Setting-up Apache Spark in Standalone Mode

A thorough approach for parallel computation cluster setup

Rahul Dubey
Towards Data Science

--

In this post we are going to setup Apache Spark in Standalone cluster mode. Apache Spark is a framework which is used to solve Big Data problems like Data Processing, Feature Engineering, Machine learning and working with streaming data. Apache Spark provides a way to distribute your work load with several worker nodes either using Standalone, YARN or MESOS Cluster manager for parallel computation. Simplest of them is Standalone Cluster manager which doesn’t require much tinkering with configuration files to setup your own processing cluster.

I’ll not cover conceptual details in this post but rather practical ones. For a cluster with multiple nodes, I’ll use two nodes with one machine having Ubuntu installed standalone and other machine have VM installed with Bridged Adapter activated. If Bridged Adapter is not activated, follow the steps below.

Setting up VMs for host machine IP address sharing

1. Select machine and then go to settings (image by author)
2. Switch to Network tab and select Adapter 1. After this check “Enable Network Adapter” if unchecked. Select “Bridged Adapter” from drop down box. (image by author)

To check your if your IP address is being shared with VMs, open and login to your VM machine and type in terminal:

#If "ifconfig" not installed
$ sudo apt-get install net-tools
$ ifconfig

You should see your IP address same as your host machine.

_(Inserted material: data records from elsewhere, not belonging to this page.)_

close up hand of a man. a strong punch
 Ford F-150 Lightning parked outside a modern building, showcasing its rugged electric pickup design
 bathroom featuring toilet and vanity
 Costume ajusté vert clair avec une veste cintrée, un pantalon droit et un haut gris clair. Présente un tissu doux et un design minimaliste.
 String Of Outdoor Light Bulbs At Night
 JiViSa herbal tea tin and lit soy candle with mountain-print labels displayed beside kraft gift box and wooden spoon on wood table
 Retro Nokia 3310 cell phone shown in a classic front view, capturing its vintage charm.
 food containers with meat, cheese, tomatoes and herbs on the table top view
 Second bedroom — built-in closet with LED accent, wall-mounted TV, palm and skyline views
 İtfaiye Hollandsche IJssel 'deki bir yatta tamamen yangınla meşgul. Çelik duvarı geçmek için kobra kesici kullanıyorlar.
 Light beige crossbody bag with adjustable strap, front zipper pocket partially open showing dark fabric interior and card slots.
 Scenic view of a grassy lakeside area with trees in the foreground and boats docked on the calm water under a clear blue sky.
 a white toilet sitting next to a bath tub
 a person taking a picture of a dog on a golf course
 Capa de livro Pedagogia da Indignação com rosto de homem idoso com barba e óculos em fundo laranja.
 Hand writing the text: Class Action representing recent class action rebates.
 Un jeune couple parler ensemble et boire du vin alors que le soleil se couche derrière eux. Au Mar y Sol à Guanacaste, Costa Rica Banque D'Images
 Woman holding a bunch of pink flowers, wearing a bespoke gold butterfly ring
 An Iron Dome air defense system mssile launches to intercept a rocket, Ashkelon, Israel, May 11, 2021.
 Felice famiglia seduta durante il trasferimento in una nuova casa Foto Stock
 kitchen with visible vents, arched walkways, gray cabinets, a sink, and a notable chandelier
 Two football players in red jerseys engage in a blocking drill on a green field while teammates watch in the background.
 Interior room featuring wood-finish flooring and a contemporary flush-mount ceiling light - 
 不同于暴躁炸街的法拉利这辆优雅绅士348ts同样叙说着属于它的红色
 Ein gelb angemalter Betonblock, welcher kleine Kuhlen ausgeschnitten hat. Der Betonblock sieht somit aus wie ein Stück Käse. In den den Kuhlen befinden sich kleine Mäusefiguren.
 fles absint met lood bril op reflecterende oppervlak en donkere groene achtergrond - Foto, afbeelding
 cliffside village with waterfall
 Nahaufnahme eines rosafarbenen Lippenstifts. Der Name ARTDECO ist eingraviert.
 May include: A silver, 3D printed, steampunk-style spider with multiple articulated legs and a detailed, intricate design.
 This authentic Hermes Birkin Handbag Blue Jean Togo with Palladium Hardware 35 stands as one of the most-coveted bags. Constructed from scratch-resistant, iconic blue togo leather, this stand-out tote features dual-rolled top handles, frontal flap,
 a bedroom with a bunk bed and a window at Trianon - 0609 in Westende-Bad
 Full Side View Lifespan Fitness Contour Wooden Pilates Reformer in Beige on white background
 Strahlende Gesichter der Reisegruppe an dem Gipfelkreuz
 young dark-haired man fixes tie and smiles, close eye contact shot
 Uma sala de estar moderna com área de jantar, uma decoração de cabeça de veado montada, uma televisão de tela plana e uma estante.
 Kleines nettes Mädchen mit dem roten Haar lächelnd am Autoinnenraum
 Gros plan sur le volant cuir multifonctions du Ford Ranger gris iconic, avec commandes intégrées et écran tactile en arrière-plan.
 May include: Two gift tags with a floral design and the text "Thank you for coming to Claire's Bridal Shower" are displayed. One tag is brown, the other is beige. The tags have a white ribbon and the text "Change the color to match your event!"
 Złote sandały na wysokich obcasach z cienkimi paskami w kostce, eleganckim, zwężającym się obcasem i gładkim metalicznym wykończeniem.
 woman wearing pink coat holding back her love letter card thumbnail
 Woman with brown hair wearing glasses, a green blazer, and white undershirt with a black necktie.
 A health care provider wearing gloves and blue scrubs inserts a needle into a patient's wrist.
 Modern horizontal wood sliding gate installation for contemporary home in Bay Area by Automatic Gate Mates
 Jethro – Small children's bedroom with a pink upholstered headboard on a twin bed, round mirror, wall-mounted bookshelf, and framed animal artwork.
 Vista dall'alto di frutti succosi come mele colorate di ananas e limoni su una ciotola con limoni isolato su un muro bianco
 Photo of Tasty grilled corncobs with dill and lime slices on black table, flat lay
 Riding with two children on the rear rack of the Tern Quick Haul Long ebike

Setting up Apache Spark Environment

Once we are done with setting basic network configuration, we need to set Apache Spark environment by installing binaries, dependencies and adding system path to Apache Spark directory as well as python directory to run Shell scripts provided in bin directory of Spark to start clusters.

-----PYTHON SETUP-----
#Check if "python3" is installed
$ python3 --version
#If "pyhon3" not installed, then type commands below
#This will install python 3.6.9
$ sudo apt-get install python3.6
#Check if pip is installed, since we might need it in future
$ pip3 --version
#If pip3 not installed, then type commands below
$ sudo apt install python3-pip
#Also install some other dependencies
$sudo apt-get install python3-numpy python3-matplotlib python3-scipy
-----JAVA SETUP----
#Check if JAVA is installed, this is required by Spark which works #underneath it.
$ java -version
#If not installed, type the command below
#This will install JAVA-11
$ sudo apt install default-jdk
#Once JAVA installed, add it to the environment path
$ sudo update-alternatives --config java
#copy the path from above command and paste it to environment as #"JAVA_HOME=/path/to/JAVA"
$ sudo nano /etc/environment

We need to setup SSH-key using SSH-keygen to allow Spark access the machines with pre-authorisation.

#Install ssh
$ sudo apt-get install openssh-server openssh-client
#Edit the sshd_config file to allow certain permissions
$ sudo nano /etc/ssh/sshd_config
PermitRootLogin yes
PubkeyAuthentication yes
PasswordAuthentication yes
#Restart sshd services to reflect the changes in file
$ services sshd restart

All the steps till now needs to be done on all the nodes. We need to generate public key now and copy it to other nodes for password-less authentication.

Perform steps below only for node on which you are going to start Spark master.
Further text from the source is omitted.